The second strictest form of lockdown was extended for another two weeks in Metro Manila, Bulacan, Cavite, Laguna and Rizal as COVID-19 cases remain elevated. The government started tightening quarantine measures in the region again in late-March amid surging coronavirus cases.

The Health department on Saturday reported 9,226 new COVID-19 cases, bringing the number of current active COVID-19 cases to 72,248.

In the same forum, Asian Development Bank Country Director for the Philippines Kelly Bird warned that the pandemic’s impact on the economy may leave a longer and lasting adverse effect on the labor market, where wages and employment in the formal sector have yet to be fully restored as the economy recovers.

“This may arise because a slow recovery would lead to diminished productive capacity in lost jobs, some sectors like tourism may take time to recover, businesses may shift to digital technologies, reshaping work, and the pandemic may accelerate the shift to automation. Consequently, job seekers and unemployed workers may be out of work for longer periods and become less employable,” Mr. Bird said

However, the government’s 2021-2022 National Employment Recovery Strategy (NERS), a medium-term plan to create jobs and help in reskilling of workers, should help address the long-term challenges poised by the pandemic, Mr. Bird said.

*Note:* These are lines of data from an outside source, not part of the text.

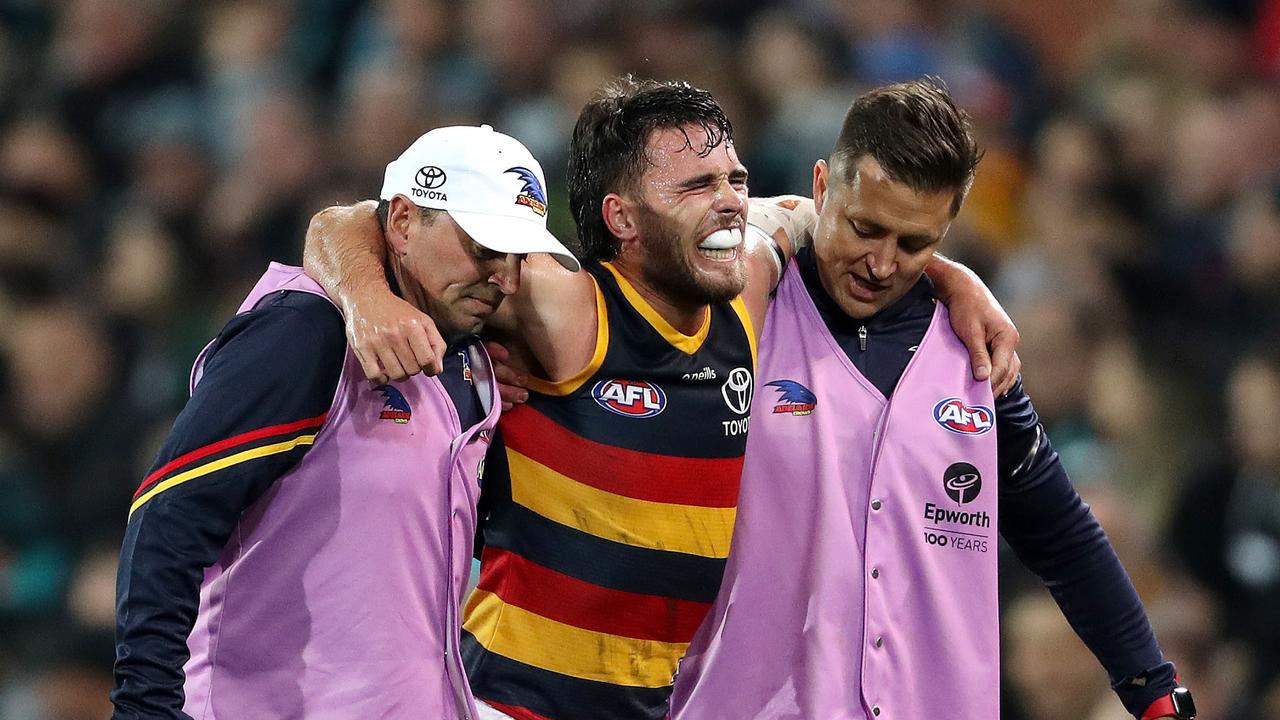 Lachlan Murphy suffered an ankle injury in the Showdown. Picture: Sarah Reed/AFL Photos via Getty Images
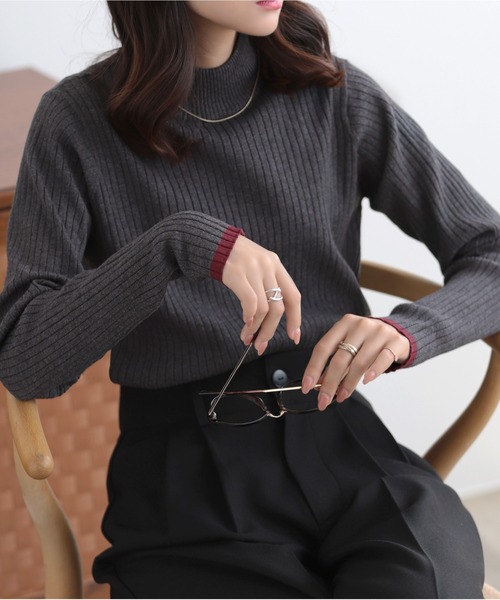 nouvellemoi（ヌーベルモイ）の「リブパイピングハイネックニット（ニット/セーター・レディース・アイボリー/ダークグリーン/ナチュラル/チャコール・M）」の7枚目の写真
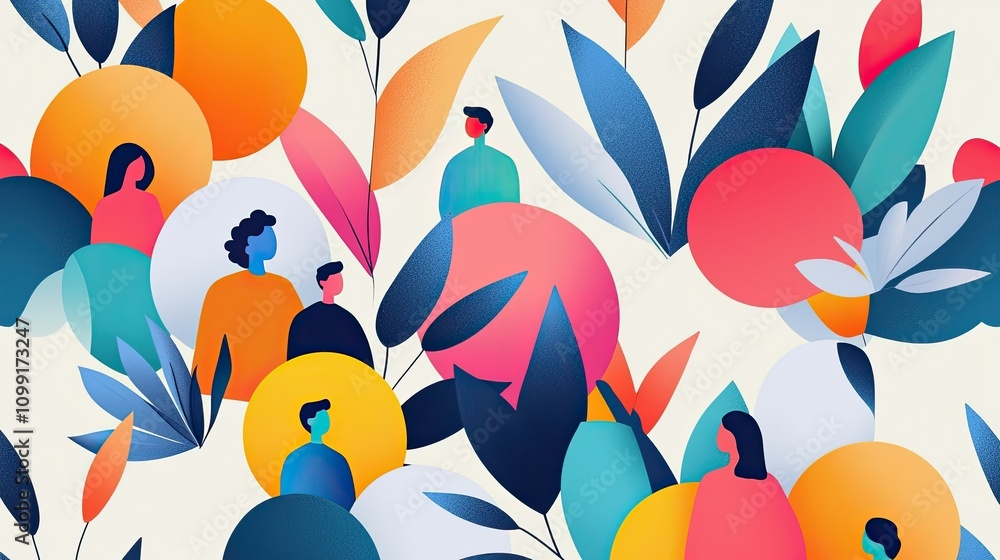 Poster vibrant interaction among diverse figures abstract design digital art colorful environment artistic 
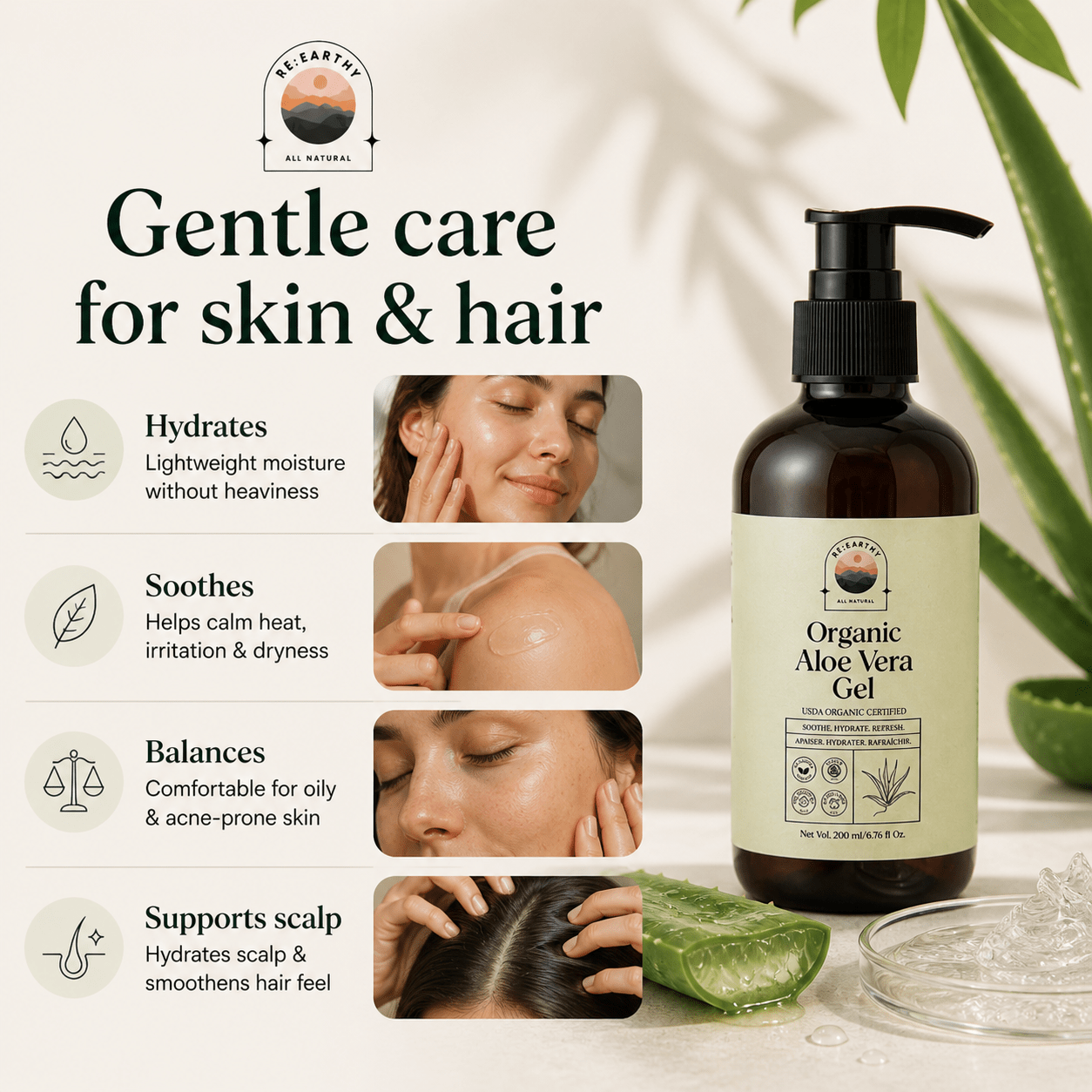 Organic Aloe Vera Deep Hydration & Soothing Gel - ReEarthy
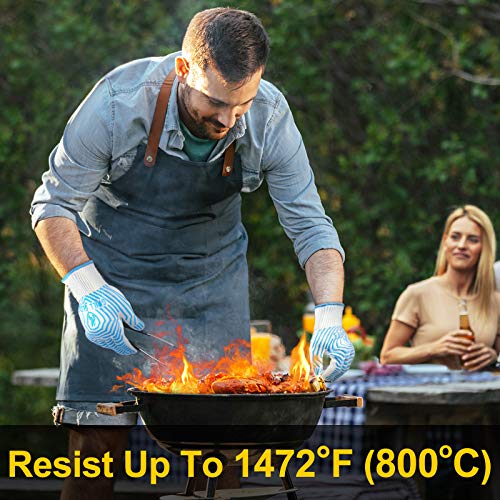 BBQ Gloves Oven Gloves 1472℉ Extreme Heat Resistant (Light Blue / One Size Fits Most(Regular Cuff))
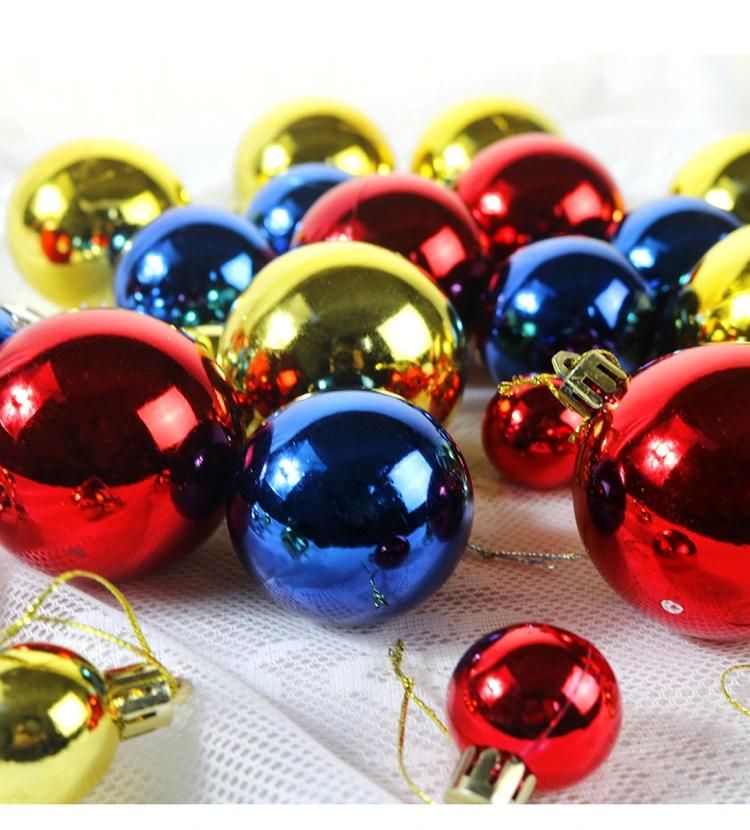 Hangable Christmas Tree Decoration Ball Plastic Colorful Xmas Tree Balls for Christmas Ornaments 3-10cm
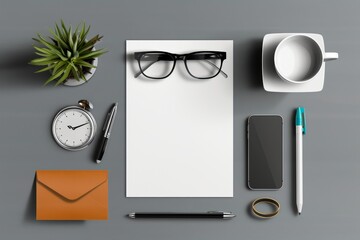 Blank White Paper on Grey Desk With Pens, Glasses, and Phone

The executive order (EO) for the NERS was scheduled to be signed during the event but due to time constraints, the actual signing of the order is “to follow soon,” said Trade Secretary Ramon M. Lopez in a Viber message.

A proposed P24-billion wage subsidy program for employees of small businesses is included in the medium-term plan, as it aims to save jobs for one million targeted beneficiaries.

The NERS has a P1.14 trillion budget, which already includes other programs and projects of various government agencies aiming to create more jobs and help in worker reskilling from this year to 2022.

Aside from reopening the economy, NEDA’s Mr. Chua said the government also has to fully implement the recovery package crafted to prop up growth this year. This includes the P4.5-trillion spending plan for 2021, the extended validity of last year’s budget and the P165-billion second stimulus program.

The government has said it is looking for more funds to support a third stimulus package that will not breach the deficit cap equivalent to 8.9% of gross domestic product (GDP) this year.

Mr. Chua said “timely implementation” of the mass vaccination program will also help restore jobs as it will boost consumer confidence and business activities.

The government aims to bring down the unemployment rate to 7-9% this year and in 2022, from 10.2% last year.